Brief descriptive captions
= Beginning of Section =

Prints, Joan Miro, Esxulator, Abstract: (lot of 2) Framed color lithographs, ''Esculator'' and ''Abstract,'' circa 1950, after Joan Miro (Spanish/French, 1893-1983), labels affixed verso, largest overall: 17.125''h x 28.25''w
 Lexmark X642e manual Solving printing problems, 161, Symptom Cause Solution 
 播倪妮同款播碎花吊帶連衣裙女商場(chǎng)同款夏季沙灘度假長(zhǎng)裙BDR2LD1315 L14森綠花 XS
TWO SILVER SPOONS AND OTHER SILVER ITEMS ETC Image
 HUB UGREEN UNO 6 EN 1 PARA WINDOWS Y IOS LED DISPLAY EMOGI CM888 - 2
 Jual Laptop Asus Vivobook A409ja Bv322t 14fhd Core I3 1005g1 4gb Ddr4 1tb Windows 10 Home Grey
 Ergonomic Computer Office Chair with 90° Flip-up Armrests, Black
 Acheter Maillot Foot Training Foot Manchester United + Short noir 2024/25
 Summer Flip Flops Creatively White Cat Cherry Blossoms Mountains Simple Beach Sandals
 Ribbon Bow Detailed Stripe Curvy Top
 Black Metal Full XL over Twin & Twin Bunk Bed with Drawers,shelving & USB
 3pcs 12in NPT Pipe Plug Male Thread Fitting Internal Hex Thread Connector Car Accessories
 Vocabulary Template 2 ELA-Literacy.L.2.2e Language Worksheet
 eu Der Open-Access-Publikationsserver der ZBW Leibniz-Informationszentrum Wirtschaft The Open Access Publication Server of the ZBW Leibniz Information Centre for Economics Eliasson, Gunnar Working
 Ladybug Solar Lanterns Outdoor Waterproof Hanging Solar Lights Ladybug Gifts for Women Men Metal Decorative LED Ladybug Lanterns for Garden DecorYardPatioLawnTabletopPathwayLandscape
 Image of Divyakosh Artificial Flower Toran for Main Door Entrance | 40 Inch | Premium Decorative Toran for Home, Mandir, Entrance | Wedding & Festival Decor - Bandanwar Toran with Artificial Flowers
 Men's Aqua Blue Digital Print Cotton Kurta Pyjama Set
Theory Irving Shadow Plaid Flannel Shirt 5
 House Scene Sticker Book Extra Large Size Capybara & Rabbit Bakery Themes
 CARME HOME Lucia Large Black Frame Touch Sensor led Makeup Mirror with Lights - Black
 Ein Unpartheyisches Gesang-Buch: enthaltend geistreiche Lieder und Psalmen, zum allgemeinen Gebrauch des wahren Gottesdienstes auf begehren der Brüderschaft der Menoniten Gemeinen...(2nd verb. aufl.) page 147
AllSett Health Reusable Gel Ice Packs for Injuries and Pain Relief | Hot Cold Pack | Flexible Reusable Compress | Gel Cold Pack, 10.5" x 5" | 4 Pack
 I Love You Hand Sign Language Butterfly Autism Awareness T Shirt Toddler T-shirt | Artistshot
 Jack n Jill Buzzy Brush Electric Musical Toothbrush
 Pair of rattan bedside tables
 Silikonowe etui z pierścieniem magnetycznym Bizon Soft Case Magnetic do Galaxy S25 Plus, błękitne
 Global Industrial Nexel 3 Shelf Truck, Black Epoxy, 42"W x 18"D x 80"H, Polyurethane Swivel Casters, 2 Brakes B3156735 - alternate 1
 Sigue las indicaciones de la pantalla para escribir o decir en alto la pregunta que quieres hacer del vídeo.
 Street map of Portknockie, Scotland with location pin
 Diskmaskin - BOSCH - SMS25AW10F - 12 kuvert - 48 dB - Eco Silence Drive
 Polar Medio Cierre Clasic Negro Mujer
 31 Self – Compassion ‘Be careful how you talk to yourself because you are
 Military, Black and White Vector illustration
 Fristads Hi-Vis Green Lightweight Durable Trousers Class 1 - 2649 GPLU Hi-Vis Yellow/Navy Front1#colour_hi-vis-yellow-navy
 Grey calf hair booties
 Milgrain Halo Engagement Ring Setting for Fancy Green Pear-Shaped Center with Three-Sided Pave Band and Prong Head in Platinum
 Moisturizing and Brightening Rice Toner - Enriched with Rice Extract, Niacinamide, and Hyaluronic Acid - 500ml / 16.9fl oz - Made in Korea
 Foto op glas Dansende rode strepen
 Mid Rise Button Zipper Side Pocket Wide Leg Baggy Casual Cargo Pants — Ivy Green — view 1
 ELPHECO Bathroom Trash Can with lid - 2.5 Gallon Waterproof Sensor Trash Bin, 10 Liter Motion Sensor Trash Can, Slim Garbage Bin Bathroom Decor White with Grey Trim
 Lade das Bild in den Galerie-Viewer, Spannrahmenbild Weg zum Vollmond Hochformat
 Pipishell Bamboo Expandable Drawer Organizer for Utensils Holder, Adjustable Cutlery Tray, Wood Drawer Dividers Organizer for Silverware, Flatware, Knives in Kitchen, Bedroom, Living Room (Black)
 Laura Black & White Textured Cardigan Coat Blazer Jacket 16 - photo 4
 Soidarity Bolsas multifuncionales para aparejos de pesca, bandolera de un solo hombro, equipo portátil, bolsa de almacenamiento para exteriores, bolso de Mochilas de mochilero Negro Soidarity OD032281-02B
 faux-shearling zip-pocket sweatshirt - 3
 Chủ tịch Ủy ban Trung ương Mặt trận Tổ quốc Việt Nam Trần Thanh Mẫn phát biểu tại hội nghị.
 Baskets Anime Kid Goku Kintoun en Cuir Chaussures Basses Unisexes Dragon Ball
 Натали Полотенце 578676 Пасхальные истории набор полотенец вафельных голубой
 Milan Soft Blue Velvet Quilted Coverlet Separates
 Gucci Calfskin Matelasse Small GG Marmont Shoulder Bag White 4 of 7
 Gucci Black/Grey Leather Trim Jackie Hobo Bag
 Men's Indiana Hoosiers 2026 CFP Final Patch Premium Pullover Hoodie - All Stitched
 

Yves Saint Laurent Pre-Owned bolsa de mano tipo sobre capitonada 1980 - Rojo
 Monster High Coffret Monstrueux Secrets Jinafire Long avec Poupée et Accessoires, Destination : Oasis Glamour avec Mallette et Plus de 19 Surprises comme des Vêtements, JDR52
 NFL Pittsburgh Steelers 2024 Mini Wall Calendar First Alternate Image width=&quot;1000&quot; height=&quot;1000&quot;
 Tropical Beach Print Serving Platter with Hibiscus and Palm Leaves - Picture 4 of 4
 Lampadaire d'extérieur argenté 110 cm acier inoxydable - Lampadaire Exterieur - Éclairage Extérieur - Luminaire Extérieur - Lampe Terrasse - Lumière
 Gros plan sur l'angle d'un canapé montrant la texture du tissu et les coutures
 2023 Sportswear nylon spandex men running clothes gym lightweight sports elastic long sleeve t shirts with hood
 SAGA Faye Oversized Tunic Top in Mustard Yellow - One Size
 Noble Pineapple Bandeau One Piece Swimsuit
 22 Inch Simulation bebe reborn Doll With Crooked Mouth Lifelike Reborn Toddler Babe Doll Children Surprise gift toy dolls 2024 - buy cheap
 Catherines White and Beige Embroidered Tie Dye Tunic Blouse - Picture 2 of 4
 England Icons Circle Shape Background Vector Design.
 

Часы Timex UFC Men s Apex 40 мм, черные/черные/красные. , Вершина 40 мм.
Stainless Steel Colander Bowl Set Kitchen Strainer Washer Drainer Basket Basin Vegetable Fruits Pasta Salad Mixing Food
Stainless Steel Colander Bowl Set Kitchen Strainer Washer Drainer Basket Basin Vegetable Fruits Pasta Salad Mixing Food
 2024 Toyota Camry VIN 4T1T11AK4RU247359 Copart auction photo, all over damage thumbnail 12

= End of Section =

> _EXERCISE REQUIREMENTS_
From the records above, retype only the lines starting at the line that contains "Jual Laptop Asus" and ending at the line that contains "Ribbon Bow Detailed Stripe Curvy Top", both included.

> _SOLUTION_
 Jual Laptop Asus Vivobook A409ja Bv322t 14fhd Core I3 1005g1 4gb Ddr4 1tb Windows 10 Home Grey
 Ergonomic Computer Office Chair with 90° Flip-up Armrests, Black
 Acheter Maillot Foot Training Foot Manchester United + Short noir 2024/25
 Summer Flip Flops Creatively White Cat Cherry Blossoms Mountains Simple Beach Sandals
 Ribbon Bow Detailed Stripe Curvy Top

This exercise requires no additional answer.